Today marks another triumph in the movement for marriage equality, as Florida joins the ranks of states to allow same-sex couples to marry. As of today, 70 percent of Americans live in a state allowing same-sex marriage, and the Sunshine state becomes the 36th U.S. state, plus Washington D.C., where gay and lesbian couples may legally marry. Yet not all Floridians are rejoicing over the news, including GOP 2016 hopeful Jeb Bush.
A stay by U.S. District Court Judge Robert Hinkle was set to expire Jan. 5 as the United States Supreme Court declined to take up the case overturning a 2008 Constitutional ban. Judge Hinkle ruled the state’s ban unconstitutional in August, stating that it breached the Fourteenth Amendment’s Due Process and Equal Protections Clauses.

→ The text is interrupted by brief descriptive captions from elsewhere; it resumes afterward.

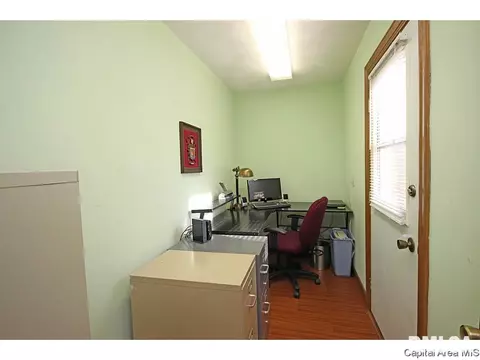 24 Chimney View Ln, Springfield, IL 62707 photo 21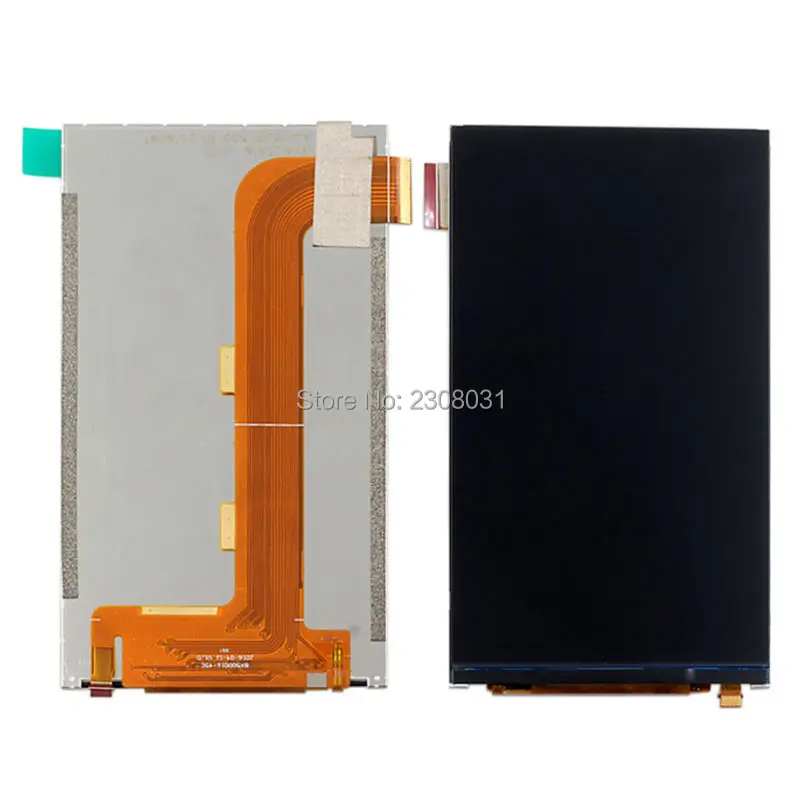 Ulefone U007 (4)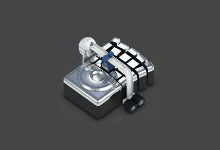 O&O Defrag(磁盘碎片整理) Professional v30.0.1065 便携版-免费杂货铺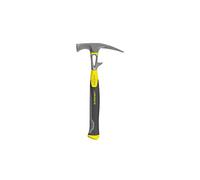 MARTEAU DE CHARPENTIER LEBORGNE 1 DENT + ERGOT NANOVIB® -100220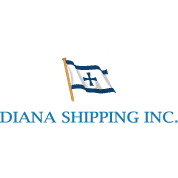 Diana Shipping Inc. Announces Special Stock Dividend Distribution Date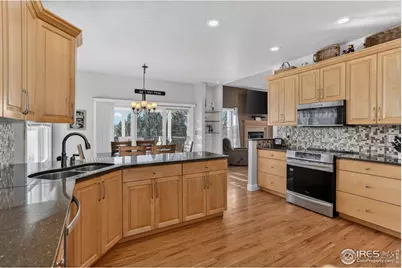 102 Par Dr, Milliken, CO 80543 - Photo 9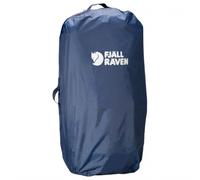 Fjällräven - Flight Bag 90-100 L - Housse de rangement - 90 - 100 l - navy
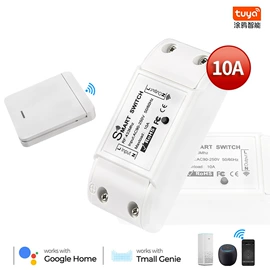 报警配件;遥控开关;智能开关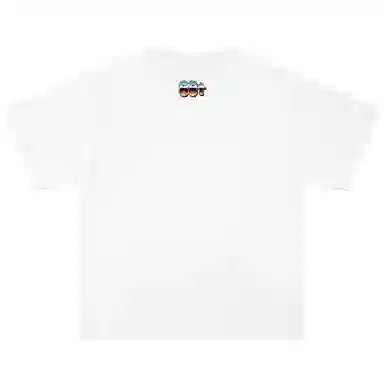 88rising T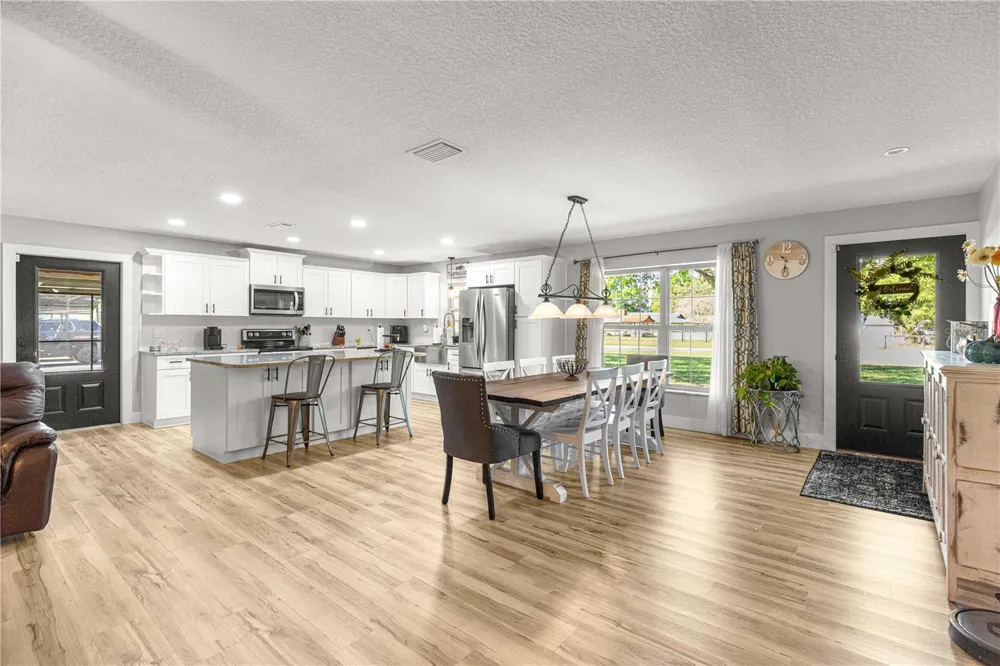 2940 NE 49TH STREET ocala, FL 34479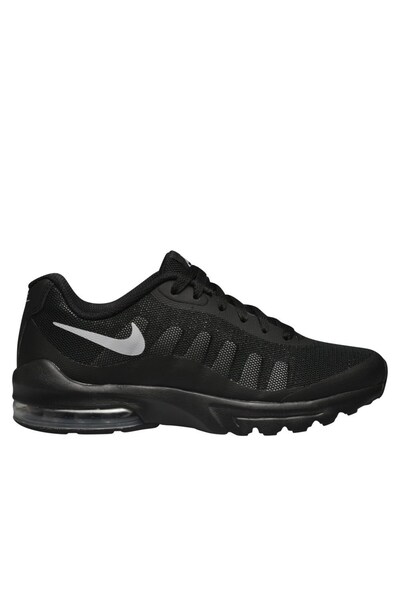 Nike Air Max Invigor GS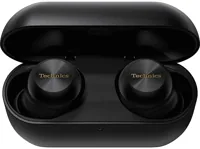 Technics EAH-AZ100, foto 2 van 4
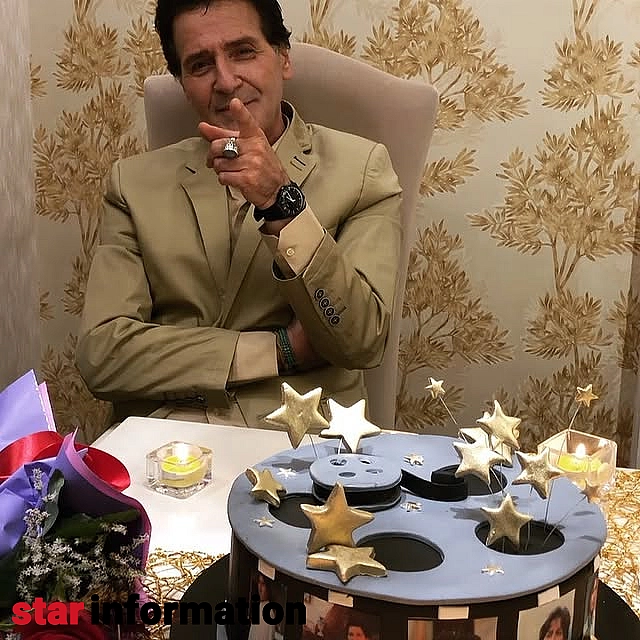 تصاویر ابوالفضل پورعرب 4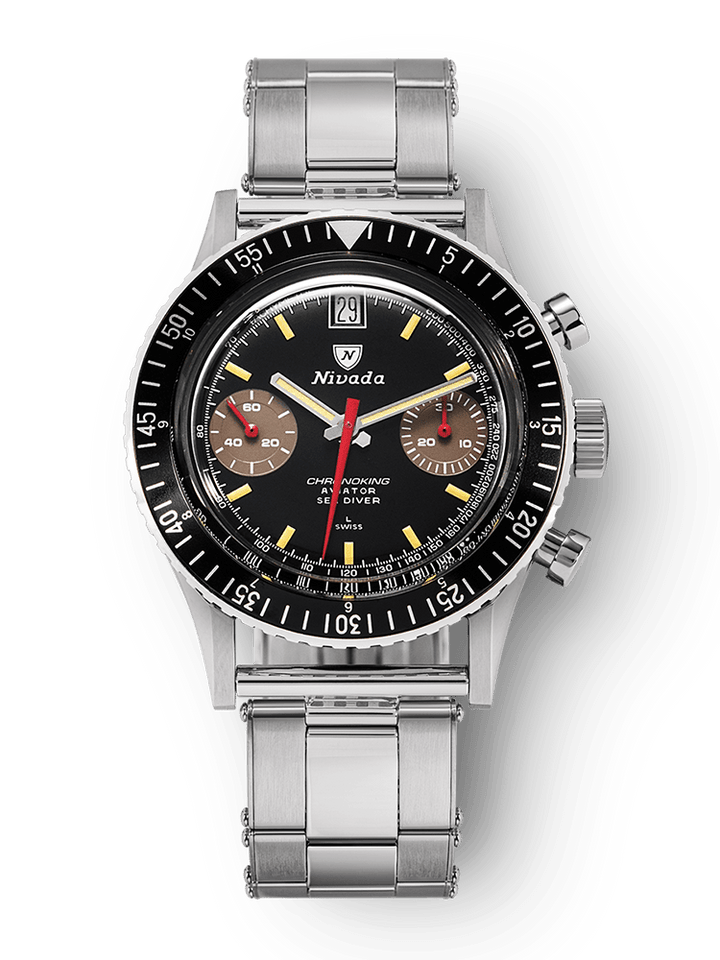 chronoking-manual-607293_720x.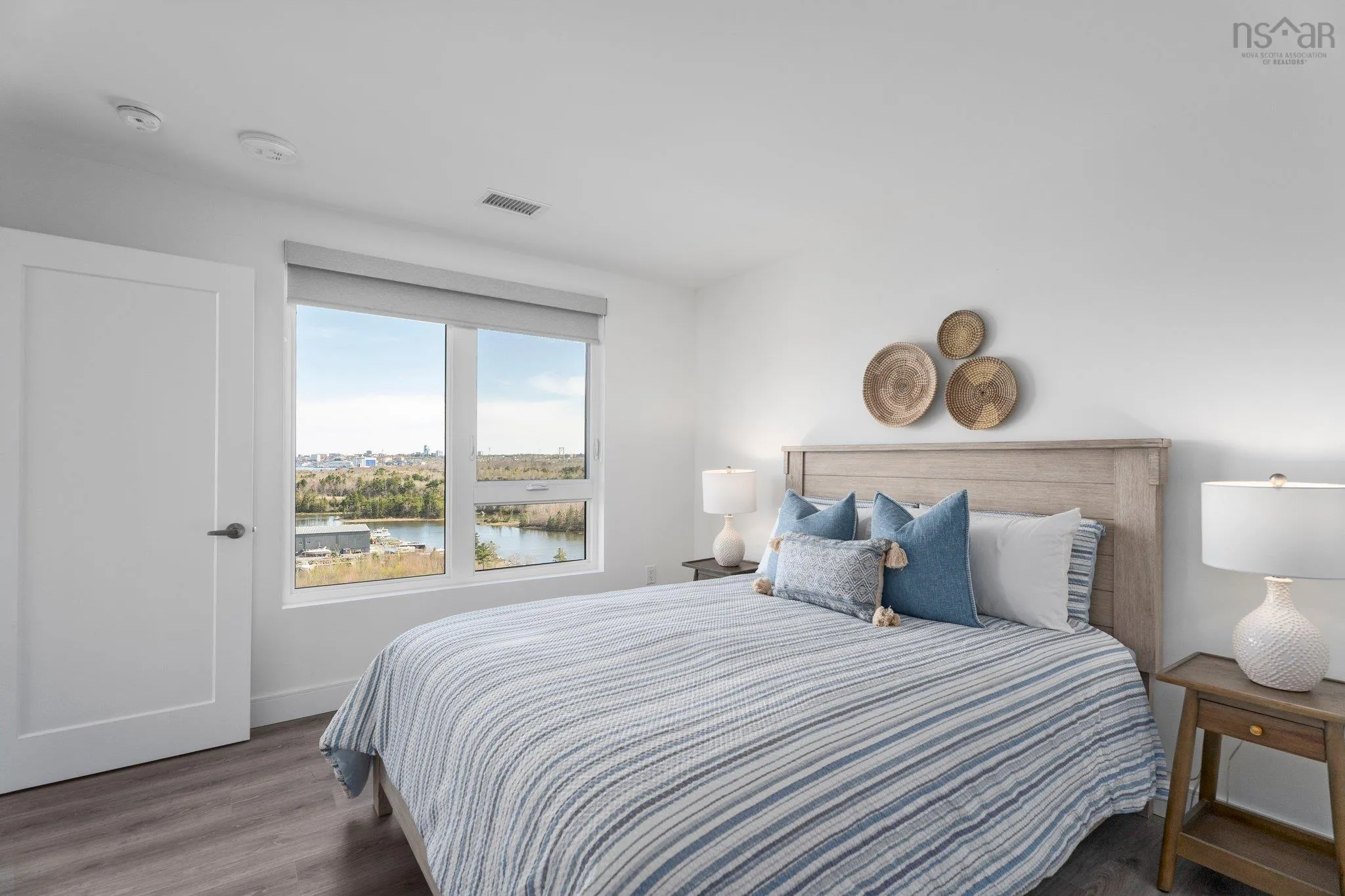 1205-72 Seapoint Road, Dartmouth Ns B3b 0r8, 2 Bedrooms Bedrooms, ,2 BathroomsBathrooms,Residential,For Sale,Seapoint,202510668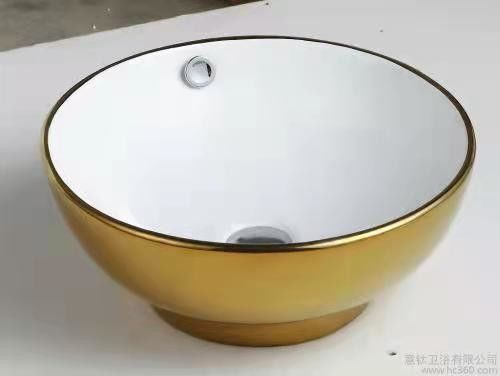 1 سال گارانتی کامل اتوماتیک چند قوس تخلیه خلاء PVD ماشین پوشش خلاء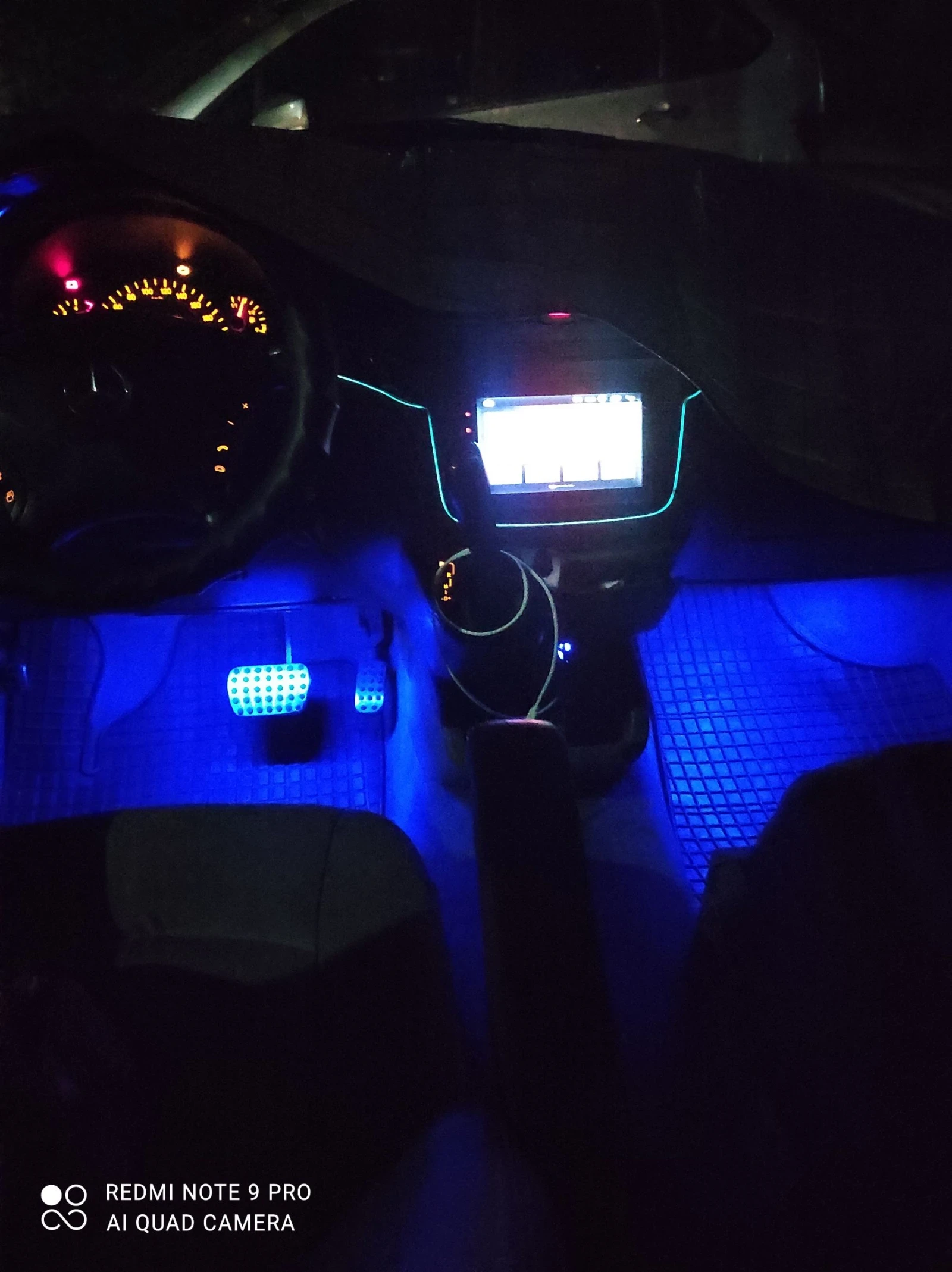 Mercedes-Benz Viano | Mobile.bg   15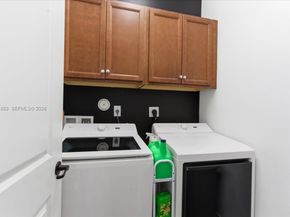 3407 W 99th Pl, Hialeah FL 33018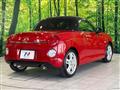2023 Daihatsu Copen
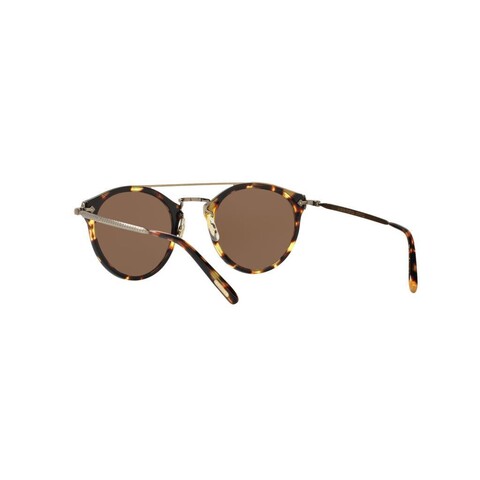 OLIVER PEOPLES OV 5349S 140773 50 Erkek Güneş Gözlüğü - 7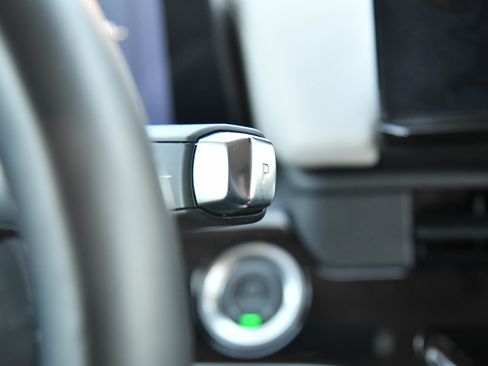 Used 2024 Honda Prologue Touring image 31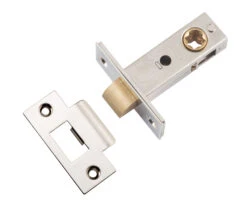 Iver - Double Sprung Split Cam Tube Latch B45mm - 'T' Striker -Deals Windsor Restorations Store 2b3f33 58d844ebc8a24da5af0e300548cae267mv2
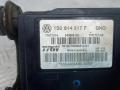 блок ABS Skoda Octavia 3 поколение (A7) 2014, 2.0 л., дизель, МКПП, хетчбэк 5 дв., 1S0614517F - фото №7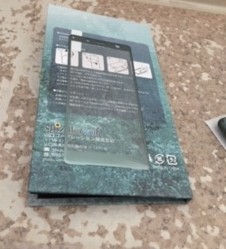 f:id:snw15:20190210120803j:image f:id:snw15:20190210120803j:image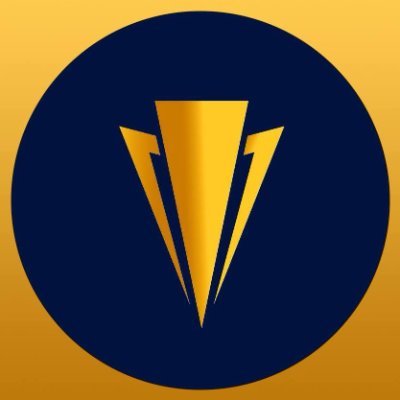 Gold Cup's profile picture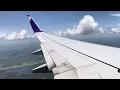 VXP719 HVN-MCO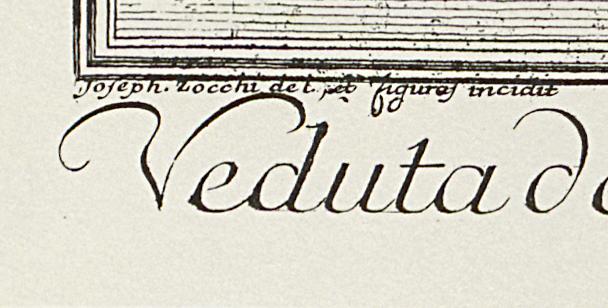 1969.2788.010 Print, Detail 7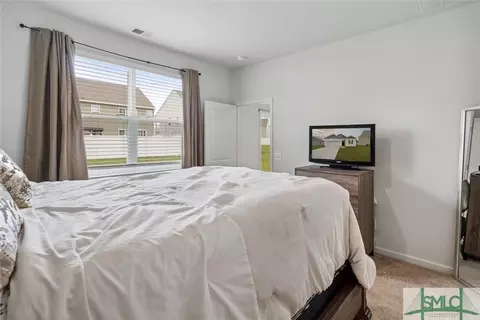 140 Troupe Dr, Pooler, GA 31322 photo 13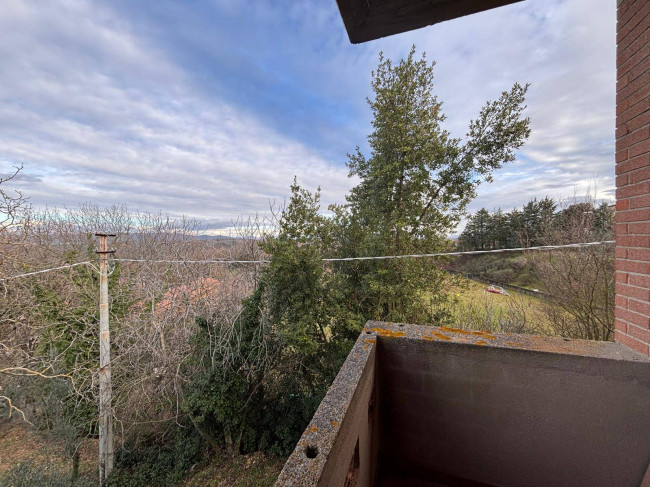 Casa singola in vendita a Collazzone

Celebrations began early in Miami-Dade County with a string of weddings yesterday afternoon after Florida Circuit Judge Sarah Zabel withdrew her stay over a county decision.
On Sunday, Former Florida governor and brother to President George W. Bush, Jeb Bush (R), expressed his disappointment to the Miami Herald. “It ought be a local decision. I mean, a state decision,” said Bush. “The state decided. The people of the state decided. But it’s been overturned by the courts, I guess.”
This statement, if you want to call it that, pissed off a lot of people. Including me, the Log Cabin Republicans and the Republican hardliners. A pretty wide range.
I believe in universal human rights and protections of these rights. The right to marriage and equality under the law are thus not defined with an exclusion of a minority of the population. Some may suggest allowing courts to overturn the vote of the people is against the foundations of Democracy, but this is an argument of Democracy versus the discriminatory denial of civil rights in a religious interpretation of law.
On the other hand, Gregory T. Angelo, president of the Log Cabin Republicans, expressed his disapproval to the Huffington Post. He critiques the former governor’s comments as the same opinion as “the presumptive Democratic nominee Hillary Clinton.”
Republican analysts are also already beginning to judge whether or not Bush has the ability to win over the Tea Party hardliners. In analysis by FiveThirtyEight, Jeb Bush falls short of the average Republican in the 113th Congress on a conservative politics scale and greatly behind other 2016 GOP hopefuls, including Kentucky Senator Rand Paul.
Monday evening Jeb Bush further endangered his prospects of the GOP crown but greatly likened himself to the rejoicing LGBT community. Bush told the NY Times he would not be challenging the ruling stating, “We live in a democracy, and regardless of our disagreements, we have to respect the rule of law. I hope that we can show respect for the good people on all sides of the gay and lesbian marriage issue – including couples making lifetime commitments to each other who are seeking greater legal protections and those of us who believe marriage is a sacrament and want to safeguard religious liberty.”
Bush’s latter remarks were taken with optimistic ears by gay rights activists, including Fred Sainz of the Human Rights Campaign. Sainz expressed to the NY Times that while Bush’s response was not usual of Republican politicians, it was promising.
Only time will tell if Bush has jeopardized his prospects as 2016 presidential hopeful. Regardless of such party politics, LGBT supporters celebrate this first success of 2015. It was this time last year that only 16 states and Washington D.C. permitted same-sex marriages. Today marks a great success for the movement with only 14 stubborn states left to go.